At high [Ca²⁺]_o, ${\text{Mg}}_{\text{o}}^{\text{2+}}$ inhibition was strongly reduced at −95 mV, an observation consistent with the data of Mayer & Westbrook (1987). It is possible that high [Ca²⁺]_o increases ${\text{Mg}}_{\text{o}}^{\text{2+}}$ IC₅₀ as a result of ${\text{Ca}}_{\text{o}}^{\text{2+}}$ binding at a previously described binding site in the external portion of the NMDA-receptor channel (Premkumar & Auerbach, 1996; Sharma & Stevens, 1996). This external binding site might overlap with the external permeant monovalent ion sites. High ${\text{Ca}}_{\text{o}}^{\text{2+}}$ may increase ${\text{Mg}}_{\text{o}}^{\text{2+}}$ IC₅₀ by slowing the apparent ${\text{Mg}}_{\text{o}}^{\text{2+}}$ binding rate (similar to ${\text{Na}}_{\text{o}}^{+}$), by binding while ${\text{Mg}}_{\text{o}}^{\text{2+}}$ blocks and increasing the ${\text{Mg}}_{\text{o}}^{\text{2+}}$ permeation rate (as proposed by Mayer & Westbrook, 1987), or by a combination of these effects.

${\text{Mg}}_{\text{o}}^{\text{2+}}$ interaction with channel gating

The similarity between ${\text{Mg}}_{\text{o}}^{\text{2+}}$ IC₅₀ measured in whole-cell experiments and K_D (the ratio of ${\text{Mg}}_{\text{o}}^{\text{2+}}$ unblocking and blocking rates) predicted from single-channel experiments also has implications for ${\text{Mg}}_{\text{o}}^{\text{2+}}$ interaction with channel gating. IC₅₀ and K_D values should differ if channel gating or agonist binding equilibria are modified when ${\text{Mg}}_{\text{o}}^{\text{2+}}$ occupies the channel (Johnson & Qian, 2002). For example, if ${\text{Mg}}_{\text{o}}^{\text{2+}}$ binding prevents the channel from closing, channel burst duration would be increased by ${\text{Mg}}_{\text{o}}^{\text{2+}}$. As a result, reduction of current flow by ${\text{Mg}}_{\text{o}}^{\text{2+}}$ channel block would be partially offset by the lengthening of channel bursts, and the macroscopic IC₅₀ would be larger than the K_D measured from single-channel experiments. The agreement between IC₅₀ and K_D values is consistent with the idea that ${\text{Mg}}_{\text{o}}^{\text{2+}}$ binding has no effect on the gating of NMDA receptors or on agonist unbinding. This conclusion was also reached by Sobolevsky & Yelshansky (2000), who proposed that ${\text{Mg}}_{\text{o}}^{\text{2+}}$ block does not affect channel desensitization, channel closure or agonist dissociation. They further suggested that ${\text{Mg}}_{\text{o}}^{\text{2+}}$ can be trapped in the closed channel. This idea was strongly supported by Amar et al. (2001) using an NMDA receptor with a high affinity Zn²⁺ blocking site generated by mutating the N-site amino acid to cysteine. The slow unbinding of Zn²⁺ from the mutated receptor permitted a clear demonstration that Zn²⁺ is trapped by closure of the channel. The observation that ${\text{Mg}}_{\text{o}}^{\text{2+}}$ blocks without perturbing gating suggests that the selectivity filter, which is very close to the ${\text{Mg}}_{\text{o}}^{\text{2+}}$ blocking site (Burnashev et al. 1992; Mori et al. 1992; Wollmuth et al. 1996, 1998), is relatively insulated from conformational changes associated with gating transitions. The observation that many channel blockers, probably including ${\text{Mg}}_{\text{o}}^{\text{2+}}$, can be trapped points to conformational changes associated with gating in a region well external to the N-site.
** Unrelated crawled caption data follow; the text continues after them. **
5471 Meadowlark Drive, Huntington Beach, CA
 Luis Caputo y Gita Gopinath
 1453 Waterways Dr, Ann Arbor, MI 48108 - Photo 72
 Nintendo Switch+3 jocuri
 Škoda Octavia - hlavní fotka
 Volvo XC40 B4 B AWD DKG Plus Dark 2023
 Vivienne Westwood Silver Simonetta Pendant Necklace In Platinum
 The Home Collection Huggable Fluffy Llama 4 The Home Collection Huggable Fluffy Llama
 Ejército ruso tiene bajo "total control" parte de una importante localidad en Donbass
Physiological or pathological implications

The profound effects of permeant ions on ${\text{Mg}}_{\text{o}}^{\text{2+}}$ inhibition may indicate a role for permeant ions in modulating cellular excitability under physiological or pathological conditions. Ion concentrations fluctuate significantly as a result of neuronal activity. Rose & Konnerth (2001), using two-photon Na⁺ imaging, observed an increase of [Na⁺] in dendritic spines 100 mm in response to tetanic stimulation. More extreme fluctuations may occur in diseased states. Kager et al. (2000), for example, predicted an increase of over 50% in the total internal ion concentration during modelled seizure discharge. Based on the results presented here, changes of this magnitude in total internal permeant cation concentration would lead to a substantial decrease in inhibition by ${\text{Mg}}_{\text{o}}^{\text{2+}}$. The result could be a great exacerbation of neuronal damage.